- **Exercise**
The reply to the records below should contain exactly the lines from the line with "I Will Design" through the line with "used 2019 Subaru", and nothing besides.

- **Provided information**
===============
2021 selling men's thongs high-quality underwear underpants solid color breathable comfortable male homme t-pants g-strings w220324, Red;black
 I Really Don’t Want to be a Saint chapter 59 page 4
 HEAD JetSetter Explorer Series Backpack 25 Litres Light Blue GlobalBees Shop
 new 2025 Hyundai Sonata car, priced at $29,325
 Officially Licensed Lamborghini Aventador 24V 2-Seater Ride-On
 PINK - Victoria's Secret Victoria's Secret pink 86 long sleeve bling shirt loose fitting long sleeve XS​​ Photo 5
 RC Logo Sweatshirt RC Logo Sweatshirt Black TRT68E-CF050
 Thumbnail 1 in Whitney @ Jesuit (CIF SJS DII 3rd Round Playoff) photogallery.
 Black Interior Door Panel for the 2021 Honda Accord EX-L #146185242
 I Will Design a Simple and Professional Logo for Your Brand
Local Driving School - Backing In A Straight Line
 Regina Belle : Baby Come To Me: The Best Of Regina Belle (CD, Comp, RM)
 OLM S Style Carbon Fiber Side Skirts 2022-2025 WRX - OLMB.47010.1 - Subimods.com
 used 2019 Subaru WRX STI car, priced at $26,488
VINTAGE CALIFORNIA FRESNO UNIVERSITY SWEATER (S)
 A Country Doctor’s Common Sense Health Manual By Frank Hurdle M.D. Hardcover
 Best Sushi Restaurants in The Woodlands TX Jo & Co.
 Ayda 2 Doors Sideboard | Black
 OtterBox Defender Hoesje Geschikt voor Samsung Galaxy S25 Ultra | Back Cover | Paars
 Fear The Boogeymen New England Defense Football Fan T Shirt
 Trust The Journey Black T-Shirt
===============
- **Result**
 I Will Design a Simple and Professional Logo for Your Brand
Local Driving School - Backing In A Straight Line
 Regina Belle : Baby Come To Me: The Best Of Regina Belle (CD, Comp, RM)
 OLM S Style Carbon Fiber Side Skirts 2022-2025 WRX - OLMB.47010.1 - Subimods.com
 used 2019 Subaru WRX STI car, priced at $26,488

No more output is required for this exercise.